Open almarbo opened 3 weeks ago
Hi @almarbo,
It looks like you haven't been using the VM. More importantly, you're running an outdated version of the EQC software. The latest version now relies on earthkit-data, the official ECMWF library, whereas you're still using emohawk, which has been deprecated by ECMWF.
When we migrated to the new VM a few months ago, we ensured that all existing notebooks were cached to use earthkit. I recommend either updating your environment and clearing the cache or switching to the VM.
I glanced through the notebook, and the overall structure looks good as it follows the other templates. Is there anything specific you’d like me to review? Do you want me to cache the notebook on the VM?
Hi @malmans2 ,
Thank you very much for the quick response. I have been working on our machine because we may want to experiment with extended regions or periods in the future, which may require additional resources. I appreciate the tips and will update my environment accordingly.

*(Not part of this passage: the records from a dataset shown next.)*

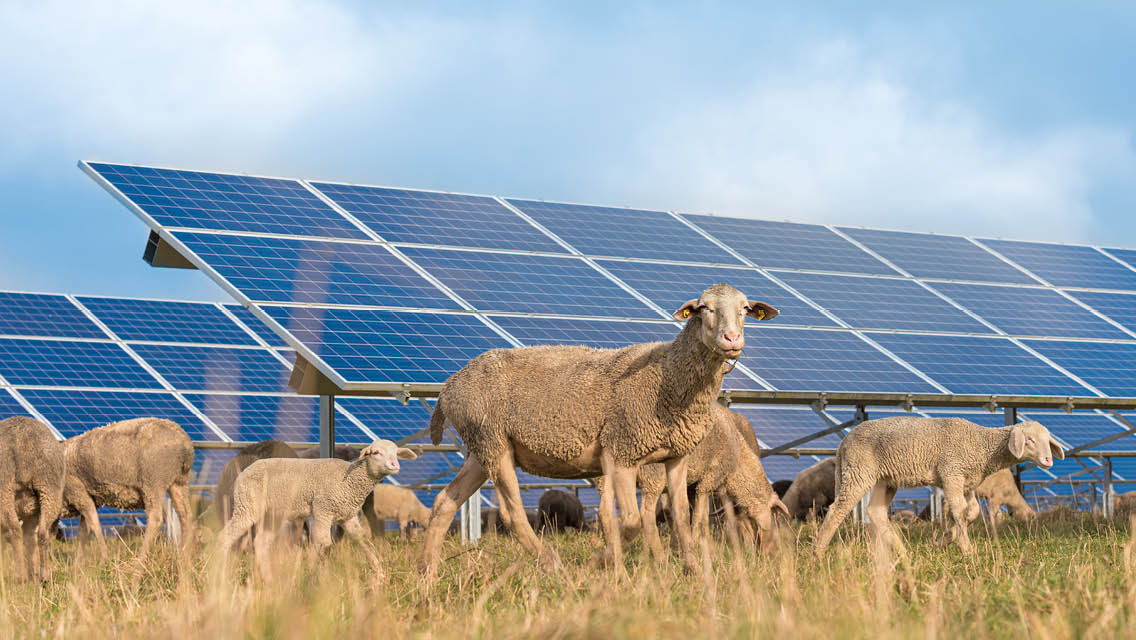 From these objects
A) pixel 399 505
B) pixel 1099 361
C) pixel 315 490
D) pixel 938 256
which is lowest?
pixel 399 505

Another reason I haven't been using the VM is that I have been ill, and I believe I can only access the VM through my office computer (the one where I shared the public SSH key).
It would be great if you could cache the notebook in the VM. Additionally, could you review the caching functions I am using for calculating the rolling variances (.rolling)? I wouldd also appreciate any insights on the "time" handling within those functions. I have a feeling I might not be working as efficiently as possible.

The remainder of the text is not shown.